## Exercise objective
Repeat the data in full and exactly. Leave the pictures out.

## Data shown

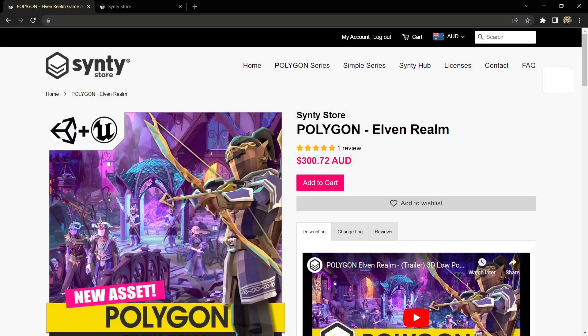Hi, I'm Chris from Synty Studios, and today I'll be showing you how to get our assets from the Synty store into your Unity project.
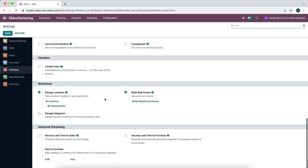In our inventory app, we also want to turn on multi-step routes. It makes things easier so we can see all of our routes.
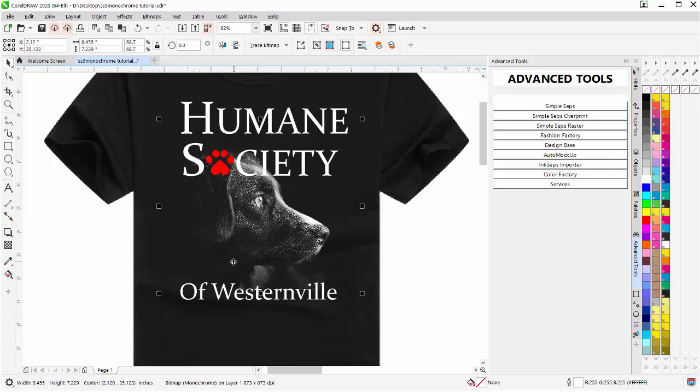So that's the new monochrome conversion in SimpleSeps SmartRIP 5, very easy to work with. Get some practice with monochromes, and you'll find you can do some really great design work very easily, very quickly, working with the monochrome bitmaps. We'll wrap here, and we'll see you in our next video.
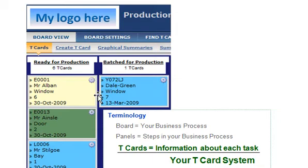The third and final step is to list the information which needs to be captured for each task — for example, customer name, telephone, product, and quantity. Each task can record up to 40 items of information. The list of information is detailed on a TCard template. Creating a TCard template is like designing a blank form.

## Solution to this exercise
Hi, I'm Chris from Synty Studios, and today I'll be showing you how to get our assets from the Synty store into your Unity project.
In our inventory app, we also want to turn on multi-step routes. It makes things easier so we can see all of our routes.
So that's the new monochrome conversion in SimpleSeps SmartRIP 5, very easy to work with. Get some practice with monochromes, and you'll find you can do some really great design work very easily, very quickly, working with the monochrome bitmaps. We'll wrap here, and we'll see you in our next video.
The third and final step is to list the information which needs to be captured for each task — for example, customer name, telephone, product, and quantity. Each task can record up to 40 items of information. The list of information is detailed on a TCard template. Creating a TCard template is like designing a blank form.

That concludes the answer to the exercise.